Insurer American International Group Inc., working to stave off rating downgrades [See related article] and shore up the capital of its holding company, has made an unprecedented approach to the Federal Reserve seeking $40 billion in short-term financing, the New York Times said.
Chief Executive Robert Willumstad reached out to the Fed late on Sunday, according to reports in the Times, the Wall Street Journal and business news channel CNBC.
AIG’s scramble to secure a Fed lifeline came late into one of the worst-ever days on Wall Street, with Lehman Bros on the verge of collapse, and Bank of America moving to takeover Merrill Lynch & Co.
The Fed normally oversees monetary policy and supervision of banks, but CNBC said AIG was seeking the funds as a temporary measure and planned to repay the Fed with the proceeds from asset sales.
Rating agencies have threatened to downgrade AIG’s ratings by Monday morning, said the New York Times.
AIG officials did not immediately respond to requests for comment.
The company, until recently the world’s biggest insurer by market capitalization, has been attempting to hammer out an emergency strategic plan after its shares fell nearly 50 percent last week on fears it faced a liquidity crisis.
AIG has been negotiating with various parties including officials from the New York Insurance Department and private equity firms as it seeks ways to free up capital, raise new capital and protect policyholders.
Regulators including New York Insurance Superintendent Eric Dinallo have been holed up at AIG’s New York offices over the past two days trying to hammer out a plan.
“We are working to craft a solution to protect the company and policyholders,” said a person from the New York Insurance Department, who asked not to be named.
Former AIG CEO Maurice “Hank” Greenberg, who ran the company for nearly four decades, was not involved in any of the discussions, said his spokesman, Glen Rochkind.
“He repeatedly offered to assist in any way he could,” added Rochkind.
Cash Crunch
AIG, hit by $18 billion in losses over the past three quarters from guarantees it wrote on mortgage derivatives, has had to act quickly after Standard & Poor’s said on Friday it may downgrade AIG’s ratings.

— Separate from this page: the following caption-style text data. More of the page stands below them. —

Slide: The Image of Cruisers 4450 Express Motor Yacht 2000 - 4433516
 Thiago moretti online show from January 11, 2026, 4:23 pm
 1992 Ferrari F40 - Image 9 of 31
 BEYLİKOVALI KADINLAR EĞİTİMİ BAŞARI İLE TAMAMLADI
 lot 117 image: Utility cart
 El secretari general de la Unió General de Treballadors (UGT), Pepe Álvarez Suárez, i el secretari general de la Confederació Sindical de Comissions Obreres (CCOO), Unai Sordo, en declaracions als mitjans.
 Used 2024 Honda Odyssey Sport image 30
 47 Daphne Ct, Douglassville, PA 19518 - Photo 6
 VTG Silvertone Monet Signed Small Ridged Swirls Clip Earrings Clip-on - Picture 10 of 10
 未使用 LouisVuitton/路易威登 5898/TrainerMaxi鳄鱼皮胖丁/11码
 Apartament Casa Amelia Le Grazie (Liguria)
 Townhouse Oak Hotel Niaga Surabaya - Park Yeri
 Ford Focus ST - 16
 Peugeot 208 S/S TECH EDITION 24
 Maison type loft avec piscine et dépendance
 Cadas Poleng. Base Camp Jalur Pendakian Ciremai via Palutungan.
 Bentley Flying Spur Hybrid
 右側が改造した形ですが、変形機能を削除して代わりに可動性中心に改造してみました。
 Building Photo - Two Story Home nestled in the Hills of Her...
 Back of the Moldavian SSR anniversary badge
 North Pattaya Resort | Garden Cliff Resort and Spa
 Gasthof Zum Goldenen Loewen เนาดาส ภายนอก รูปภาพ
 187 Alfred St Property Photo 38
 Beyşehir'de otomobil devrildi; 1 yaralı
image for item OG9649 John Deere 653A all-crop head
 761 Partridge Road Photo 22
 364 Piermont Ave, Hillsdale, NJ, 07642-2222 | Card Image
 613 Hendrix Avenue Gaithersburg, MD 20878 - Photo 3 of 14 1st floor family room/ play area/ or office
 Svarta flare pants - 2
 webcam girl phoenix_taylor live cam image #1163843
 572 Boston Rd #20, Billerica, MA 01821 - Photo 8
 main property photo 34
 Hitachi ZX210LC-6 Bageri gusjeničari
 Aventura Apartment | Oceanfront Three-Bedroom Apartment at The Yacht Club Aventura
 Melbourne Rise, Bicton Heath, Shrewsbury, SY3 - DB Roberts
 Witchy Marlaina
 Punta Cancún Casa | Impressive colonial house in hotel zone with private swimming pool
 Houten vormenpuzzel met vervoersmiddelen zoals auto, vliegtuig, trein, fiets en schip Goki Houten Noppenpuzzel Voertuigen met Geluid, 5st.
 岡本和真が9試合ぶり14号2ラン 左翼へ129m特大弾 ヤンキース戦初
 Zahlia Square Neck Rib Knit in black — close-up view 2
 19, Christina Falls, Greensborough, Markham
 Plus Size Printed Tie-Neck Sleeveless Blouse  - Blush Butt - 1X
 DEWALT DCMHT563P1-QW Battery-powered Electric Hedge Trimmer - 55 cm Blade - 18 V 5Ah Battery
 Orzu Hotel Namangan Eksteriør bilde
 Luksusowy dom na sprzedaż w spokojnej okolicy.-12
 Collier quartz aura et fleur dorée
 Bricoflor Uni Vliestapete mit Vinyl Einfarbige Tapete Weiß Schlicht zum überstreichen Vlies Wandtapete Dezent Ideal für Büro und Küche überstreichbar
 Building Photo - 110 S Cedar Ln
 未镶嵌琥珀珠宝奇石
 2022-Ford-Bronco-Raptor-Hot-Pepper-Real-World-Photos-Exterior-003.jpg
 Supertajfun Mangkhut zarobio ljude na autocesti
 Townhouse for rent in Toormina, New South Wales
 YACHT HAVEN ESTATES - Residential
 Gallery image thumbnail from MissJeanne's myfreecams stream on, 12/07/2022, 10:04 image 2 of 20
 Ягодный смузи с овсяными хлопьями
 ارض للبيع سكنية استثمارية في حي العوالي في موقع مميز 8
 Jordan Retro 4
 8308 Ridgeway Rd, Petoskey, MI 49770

Ratings downgrades could force AIG to post up to $14.5 billion more in collateral, according to a regulatory filing last month.
Downgrades could also be detrimental to AIG’s insurance business, since some policies carry clauses that nullify a contract in the event of downgrades below a certain level.
Over the weekend, the insurer has been working on a three-part plan involving asset sales, shifting regulated capital from the insurance operations to the holding company, and working with private equity investors, said a person familiar with the negotiations.
The New York Times said AIG’s plans to shift capital had to be put on ice because of the time and complexity involved, and that private equity firms withdrew interest over the company’s precarious financial health.
Parties in capital-raising talks with AIG included buyout firms Kohlberg Kravis Roberts & Co. and J.C. Flowers & Co., another person familiar with the talks said.
An AIG spokesman earlier confirmed the company was evaluating a wide range of options, including asset sales.
Media reports have said that one of the companies on the block was AIG’s highly profitable aircraft leasing arm, but the spokesman declined to confirm this was the case.
In late June, AIG said the unit, International Lease Finance Corp., would remain part of AIG.
AIG was founded in China 89 years ago. In the years since, largely under Greenberg’s watch, it grew into one of the world’s largest insurers, spanning 130 countries and territories and serving 74 million customers.
Greenberg stepped down in 2005, in the midst of an accounting scandal. His successor, Martin Sullivan, was replaced by Willumstad in June after investors grew disgruntled over its three quarters of losses.
Greenberg owns or controls about 12 percent of AIG’s stock, making him the largest shareholder.